Re: select on 22 GB table causes "An I/O error occured while sending to the backend." exception

"Scott Marlowe" <scott.marlowe@xxxxxxxxx> · Thu, 28 Aug 2008 16:42:47 -0600

On Thu, Aug 28, 2008 at 2:29 PM, Matthew Wakeling <matthew@xxxxxxxxxxx> wrote:

> Another point is that from a business perspective, a database that has
> stopped responding is equally bad regardless of whether that is because the
> OOM killer has appeared or because the machine is thrashing. In both cases,
> there is a maximum throughput that the machine can handle, and if requests
> appear quicker than that the system will collapse, especially if the
> requests start timing out and being retried.

But there's a HUGE difference between a machine that has bogged down
under load so badly that you have to reset it and a machine that's had
the postmaster slaughtered by the OOM killer.  In the first situation,
while the machine is unresponsive, it should come right back up with a
coherent database after the restart.

OTOH, a machine with a dead postmaster is far more likely to have a
corrupted database when it gets restarted.

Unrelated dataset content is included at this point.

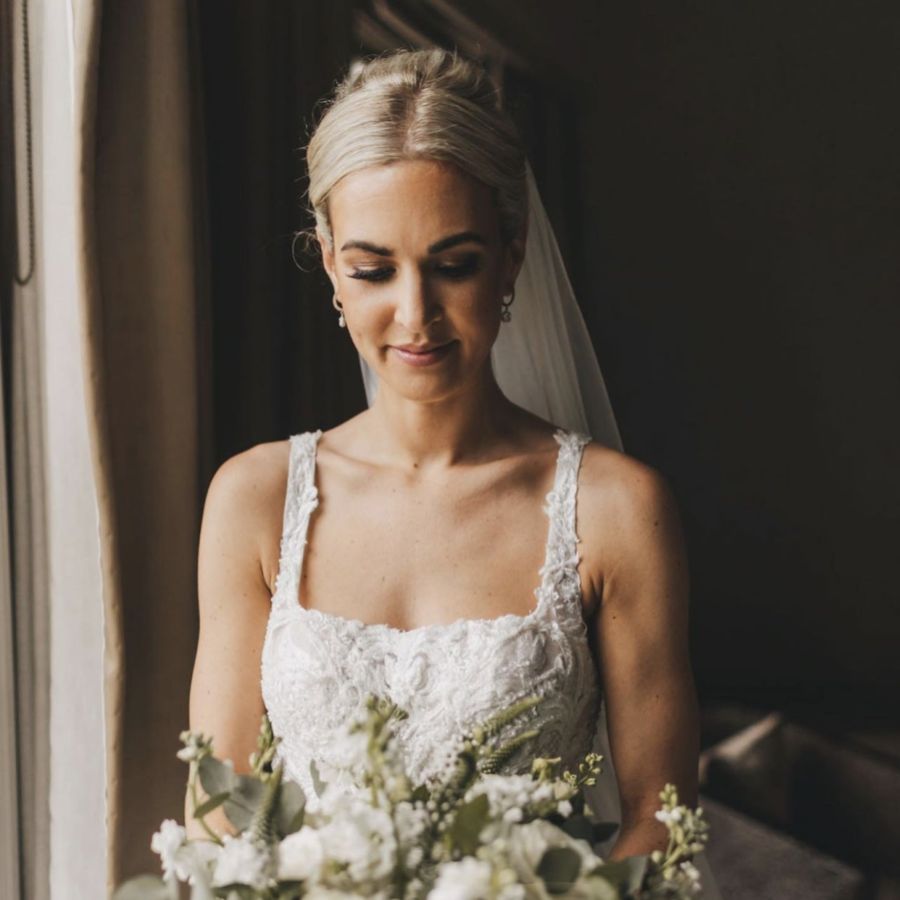Real Bride - Lucy wearing Indi block heels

> Likewise, I would be all for Postgres managing its memory better. It would
> be very nice to be able to set a maximum amount of work-memory, rather than
> a maximum amount per backend. Each backend could then make do with however
> much is left of the work-memory pool when it actually executes queries. As
> it is, the server admin has no idea how many multiples of work-mem are going
> to be actually used, even knowing the maximum number of backends.

Agreed.  It would be useful to have a cap on all work_mem, but it
might be an issue that causes all the backends to talk to each other,
which can be really slow if you're running a thousand or so
connections.